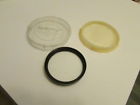 52sfx3 Tiffen Lens Filter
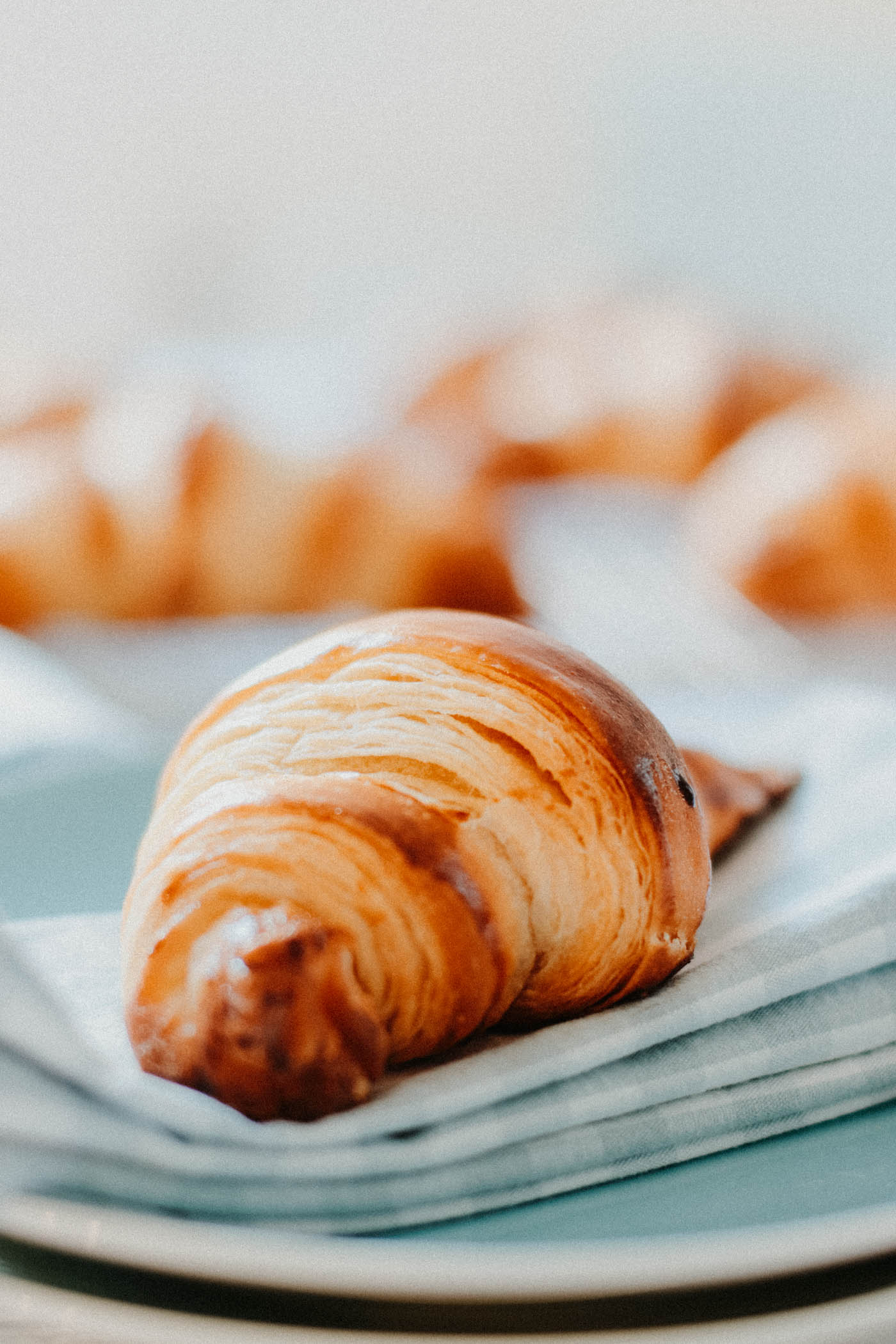 Classic French Croissant Recipe 10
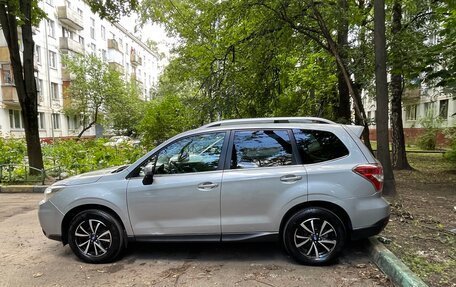 Subaru Forester, 2014 год, 1 980 000 рублей, 14 фотография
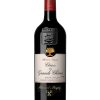 Rượu Vang Château Les Grands Chênes 2018
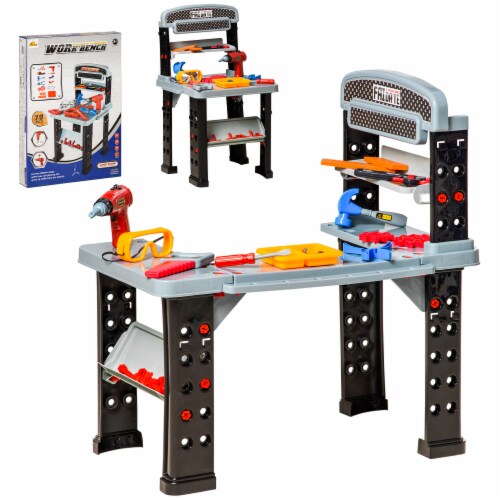 Toy drill store big w
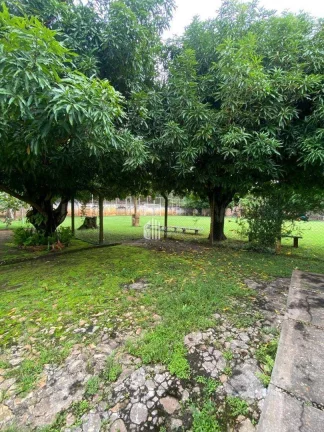 Imagem Chácara com terreno 25,600,m²160x160m e casa com 4 dormitórios à venda, por R$ 3.700.000 - Todos os Santos - Teresina/PI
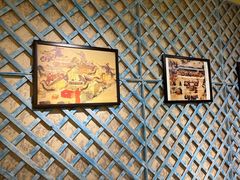 -格日勒阿妈蒙古厨房(大召店)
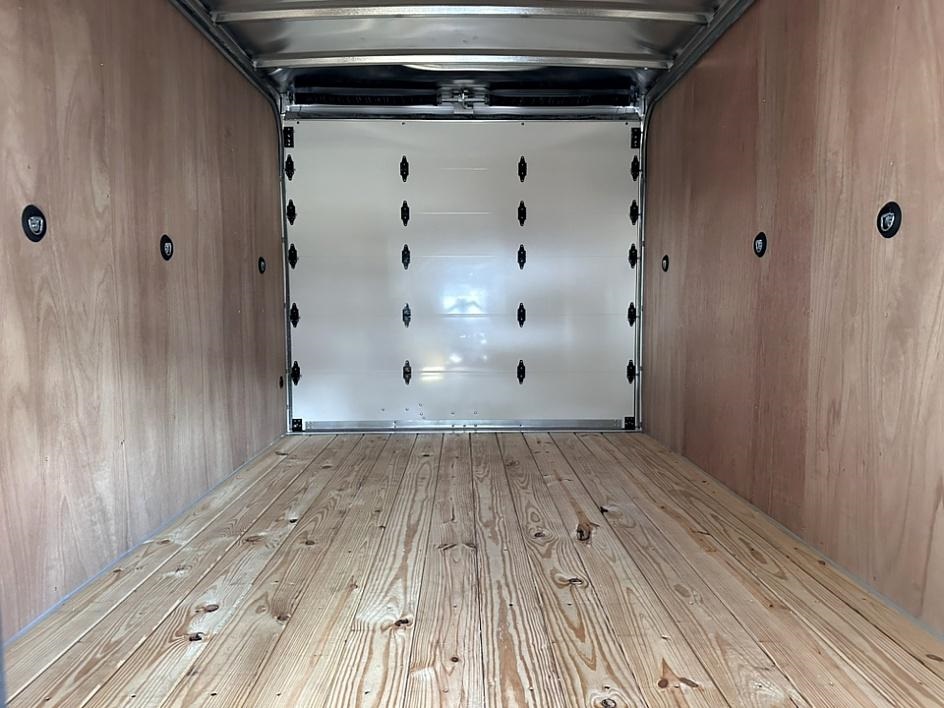 New 2024 Ford E-350SD For Sale in Silver Spring, MD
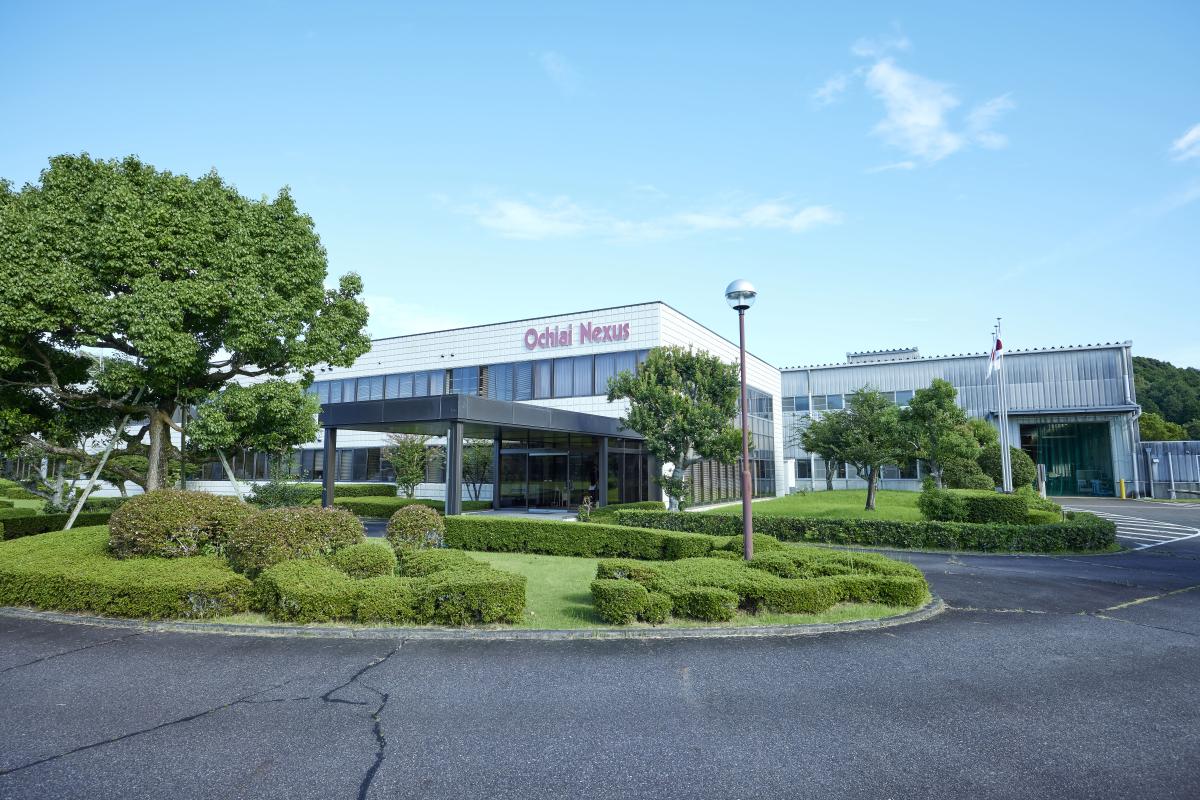 株式会社オチアイネクサス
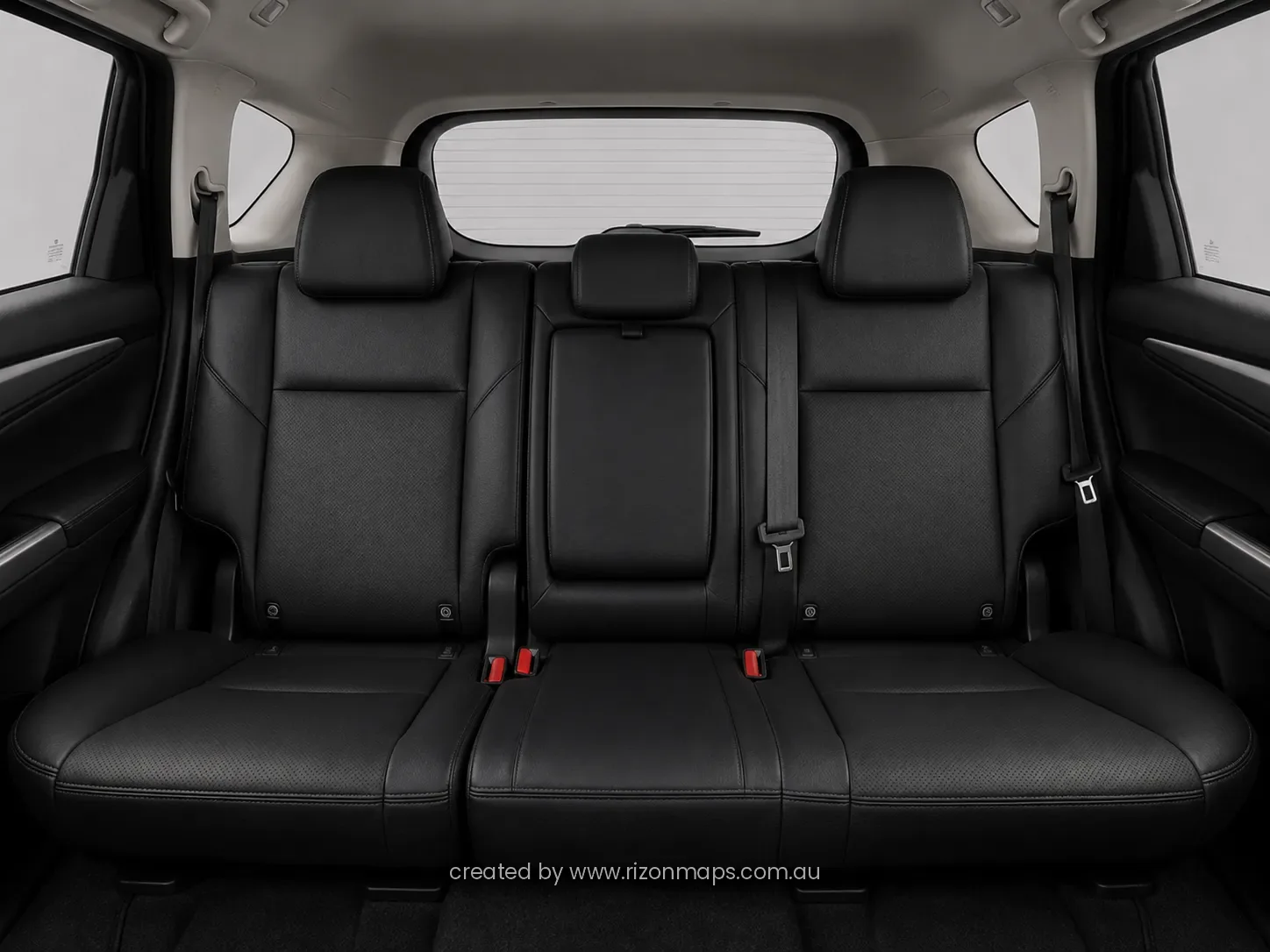 2022 Mitsubishi Pajero Sport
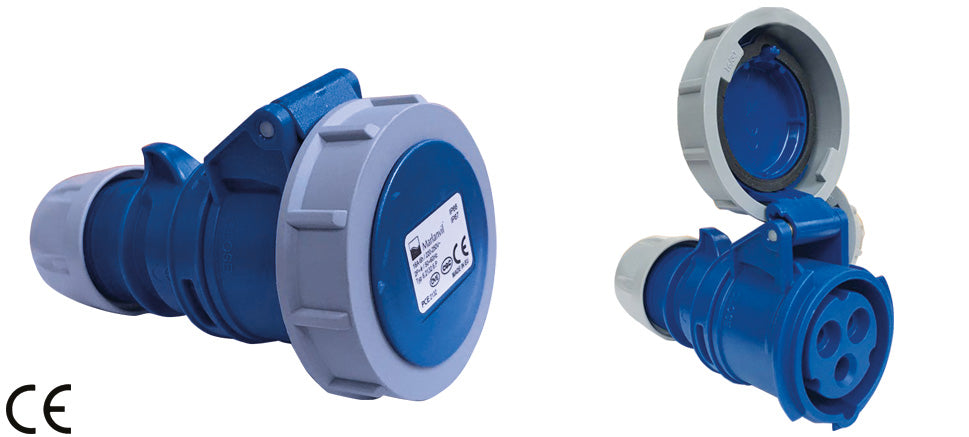 Presa Stagna Ip67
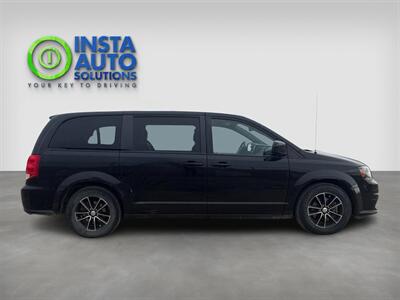 2018 Dodge Grand Caravan GT   - Photo 5 - St Albert, AB T8N 3Z7
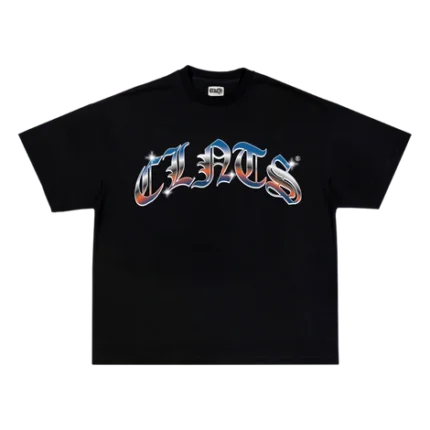 Compton Tee – Heavyweight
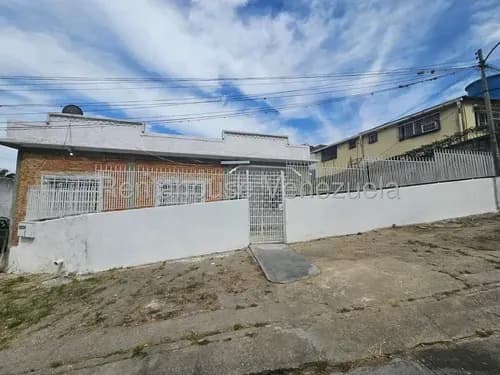 Terreno En Venta San Bernardino Yf 26-16540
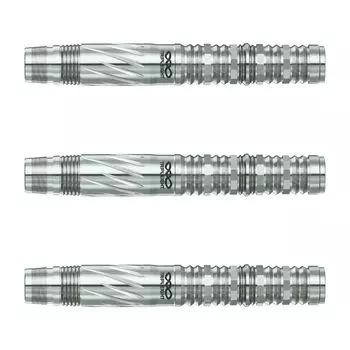 DYNASTY TRIPLEIGHT усилие Период простой 18г 2BA Hisahiko Yamato игрок модель дартс бочка набор дротиков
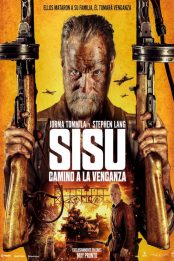 Sisu: Road to Revenge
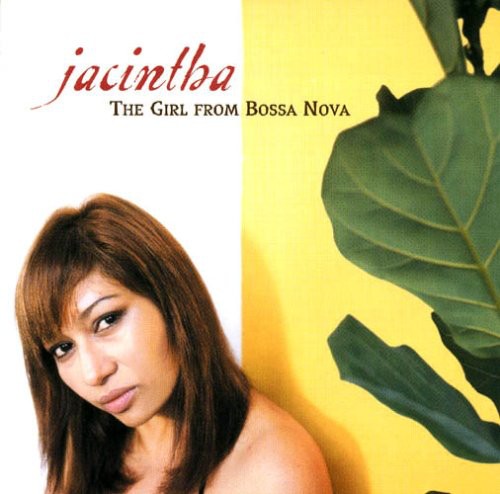 Jacintha - Girl from Bossa Nova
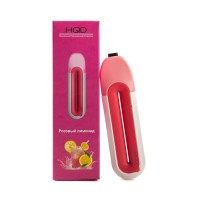 Одноразовая электронная сигарета HQD ROSY Pink Lemonade (розовый лимонад) 1 шт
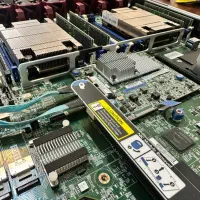 سرور DL360 g9 8sff|مودم و تجهیزات شبکه|تهران, سهروردی|دیوار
=-=-=-=-=
• [Problem requirements]: Repeat the material above in full and exactly, omitting the pictures.

• [Reply to the task]:
 52sfx3 Tiffen Lens Filter
 Classic French Croissant Recipe 10
 Subaru Forester, 2014 год, 1 980 000 рублей, 14 фотография
 Rượu Vang Château Les Grands Chênes 2018
 Toy drill store big w
 Imagem Chácara com terreno 25,600,m²160x160m e casa com 4 dormitórios à venda, por R$ 3.700.000 - Todos os Santos - Teresina/PI
 -格日勒阿妈蒙古厨房(大召店)
 New 2024 Ford E-350SD For Sale in Silver Spring, MD
 株式会社オチアイネクサス
 2022 Mitsubishi Pajero Sport
 Presa Stagna Ip67
 2018 Dodge Grand Caravan GT   - Photo 5 - St Albert, AB T8N 3Z7
 Compton Tee – Heavyweight
 Terreno En Venta San Bernardino Yf 26-16540
 DYNASTY TRIPLEIGHT усилие Период простой 18г 2BA Hisahiko Yamato игрок модель дартс бочка набор дротиков
 Sisu: Road to Revenge
 Jacintha - Girl from Bossa Nova
 Одноразовая электронная сигарета HQD ROSY Pink Lemonade (розовый лимонад) 1 шт
 سرور DL360 g9 8sff|مودم و تجهیزات شبکه|تهران, سهروردی|دیوار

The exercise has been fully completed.